+++ INFORMATION

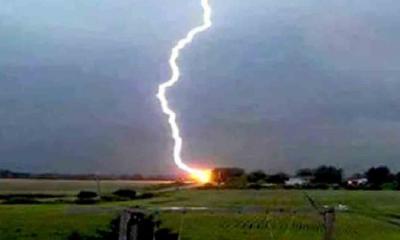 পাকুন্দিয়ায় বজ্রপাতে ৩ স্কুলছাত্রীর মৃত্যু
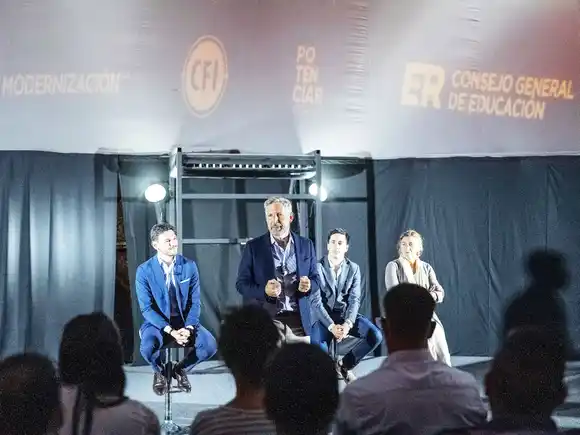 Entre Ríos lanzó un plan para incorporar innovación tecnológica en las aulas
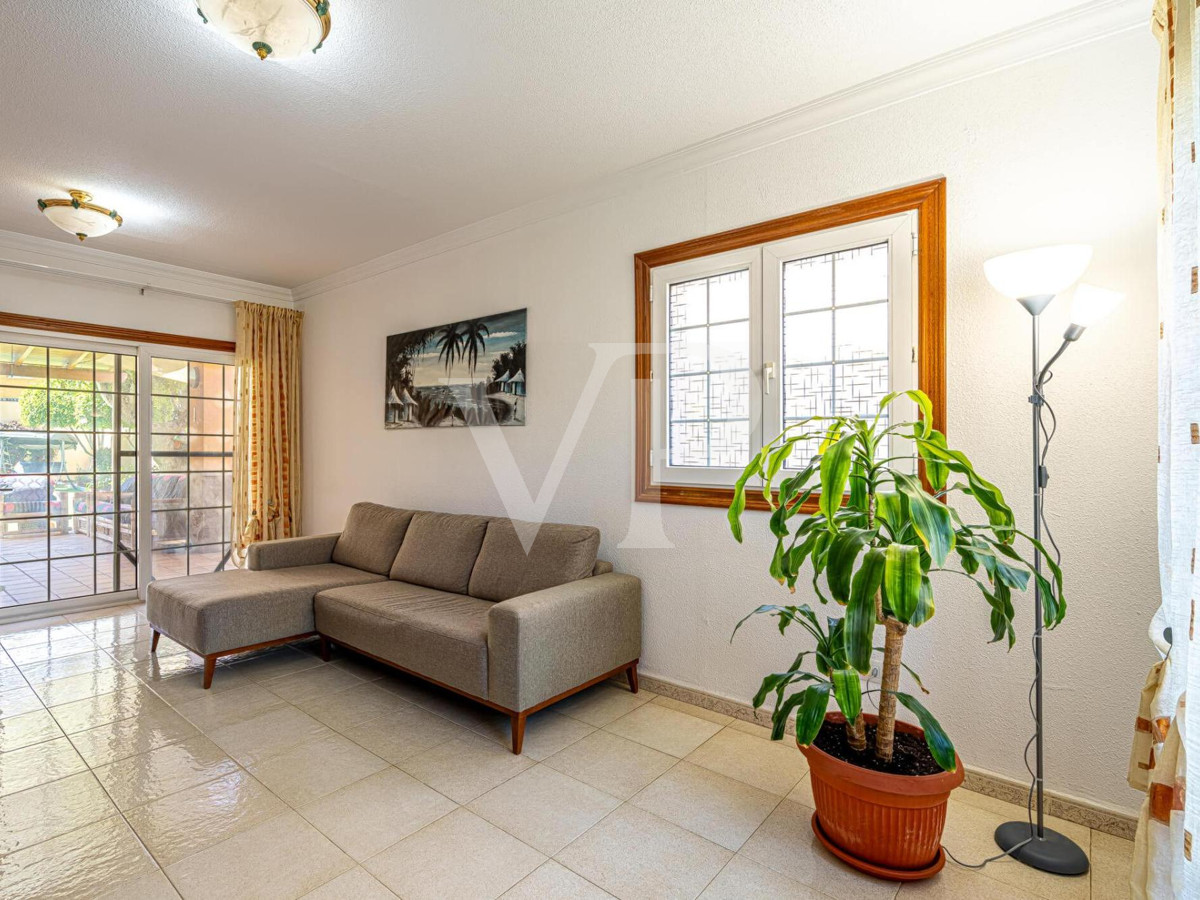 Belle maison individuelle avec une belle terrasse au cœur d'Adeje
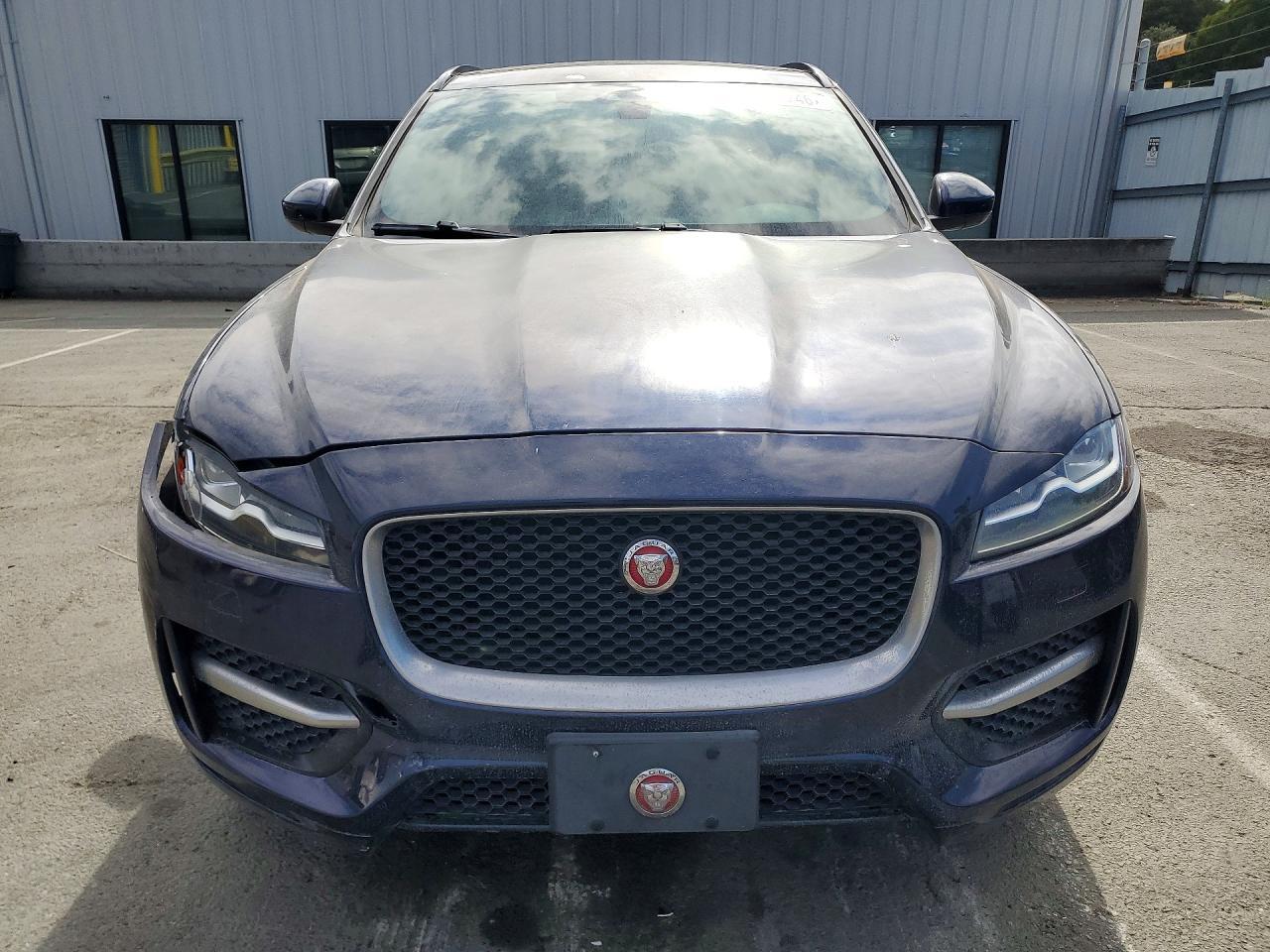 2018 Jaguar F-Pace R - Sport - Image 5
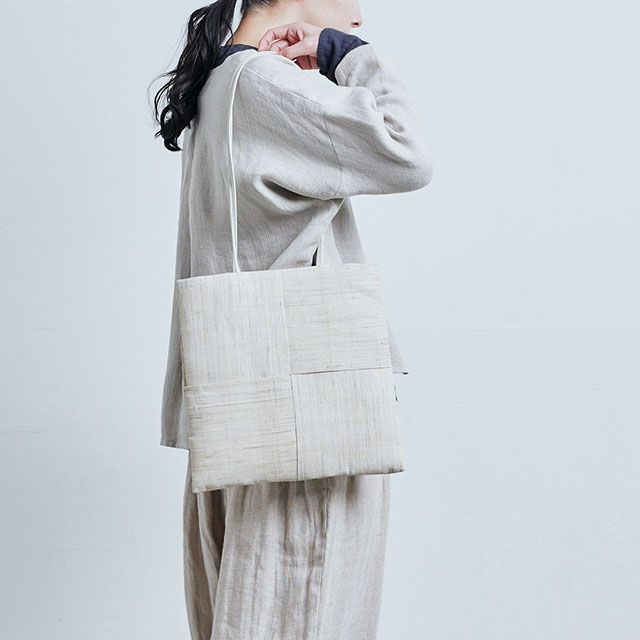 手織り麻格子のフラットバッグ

++++++

> **WHAT YOU WILL DO**: Nothing but the lines from the line holding "Belle maison individuelle" through the last line of the entries above is to be reproduced, exactly and without pictures.

> **FINISHED TASK**:
 Belle maison individuelle avec une belle terrasse au cœur d'Adeje
 2018 Jaguar F-Pace R - Sport - Image 5
 手織り麻格子のフラットバッグ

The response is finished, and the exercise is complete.